The last thing that’s missing understanding from the ingress sandbox is: how does fwmark (firewall mark) that IPVS uses gets set? The answer is, one more time, iptables.

However, the difference now is that this gets set in the mangle table:

# Get inside the `ingress_sbox` namespace and then issue
# the iptables command to list the chains and rules that
# are set in the `mangle` table.
nsenter \
        --net=/var/run/docker/netns/ingress_sbox \
        iptables --list --table mangle
Chain PREROUTING (policy ACCEPT)
target     prot src  dst 
# For every packet that is destined to port 8000 (the
# nginx' published port), set the firewall mark to 0x101).
MARK       tcp  any  any  dpt:8000 MARK set 0x101

Chain OUTPUT (policy ACCEPT)
# For every packet that is destined to a virtual IP that swarm
# assigns to a specific service (10.255.0.3), also mark the packet
# with the corresponding virtual service mark.
#
# Given that this destination (10.255.0.3) lives in the ingress
# network, this is only accessible from within a container.
target     prot opt source               destination         
MARK       all  --  anywhere             10.255.0.3           MARK set 0x101

# Given that in iptables that value is set in its hexadecimal
# form, we can look at what 0x101 means in the decimal form
# (shown in the `ipvsadm` listing).
printf "%d\n" 0x101
257

By looking at the man page of iptables-extensions we can see what that target does:

“MARK - This target is used to set the Netfilter mark value associated with the packet.”

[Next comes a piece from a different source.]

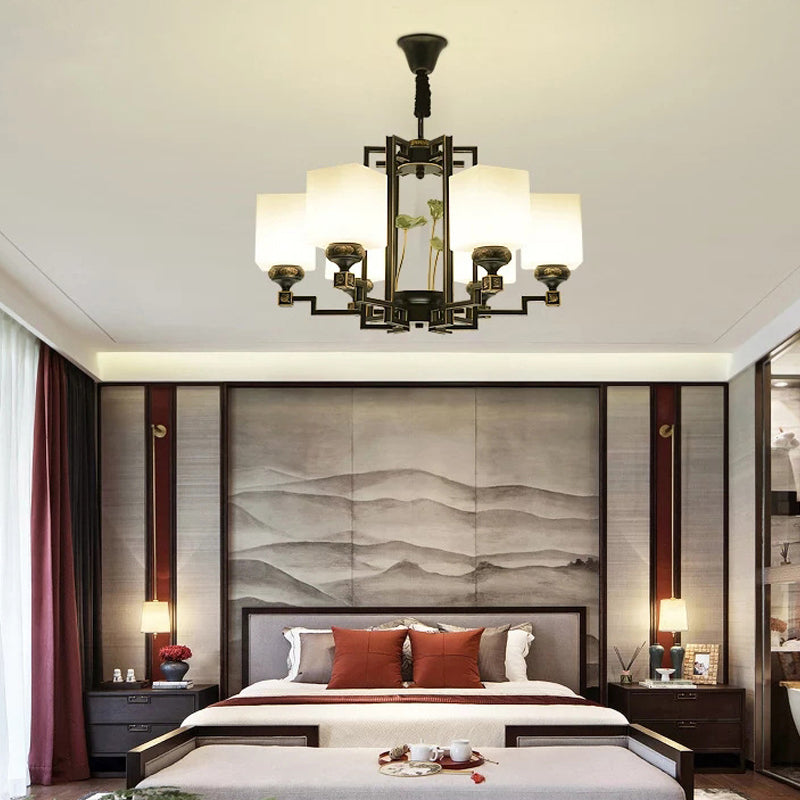 Traditional Style Black Metal Chandelier with 6/8/10 Lights - Dining Room Pendant Lighting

From https://linux.die.net/man/8/iptables

And then, looking at ipvsadm man page we can also check how it can make use of such mark:

“Using firewall-mark virtual services provides a convenient method of grouping together different IP addresses, ports, and protocols into a single virtual service. This is use‐ ful for both simplifying configuration if a large number of virtual services are required and grouping persistence across what would otherwise be multiple virtual ser‐ vices.”

From https://linux.die.net/man/8/ipvsadm

TODO

In summary, what goes on is:

  1. A packet is destined for our machine (192.168.10.4); then
  2. if it’s destination port matches a published port, we take the original destination address (our machine address) and replace it by a different address (172.18.0.2). As this is performed before a routing decision has been made, it has the effect of making the packet be routed to the gateway_ingress-sbox container that contains the IPVS load-balancer rules.
  3. once the packet lands in ingress_sbox, it passes through its own iptables rules. This time, it goes through the mangle table, which (in the case of being targetted at port 8000), has the effect of adding a marker to the packet (fwmark).
  4. landing in its destination (ipvs), the packet’s fwmark indicates the service that the packet needs to be load-balancer to. IPVS then picks one of the target real servers (using a given scheduling algorithm - roundrobin in this case) and then forwards it to the destination.
  5. As the destination servers are in the ingress networks, the overlay setup takes care of making the packets reach the destination address accordingly.

Changing IPTables to block Ingress traffic

Having some idea of what goes on under the scenes, we can now jump into the process of putting barriers in the middle of these steps such that traffic can’t go through.

Looking at the last two images, we can imagine that we can either put a barrier between eth0 and ingress_sbox, or we can but a barrier between ingress_sbox and ipvs

TODO

If we perform the first block (cut traffic between eth0 and ingress_sbox), then we’re going to be blocking connections that are made from one machine to the physical interface of another, but we’d still allow traffic originating in the host itself.

Taking the second approach looks like a more protective block.

Let’s create some services and some networks and apply the block to see that in action.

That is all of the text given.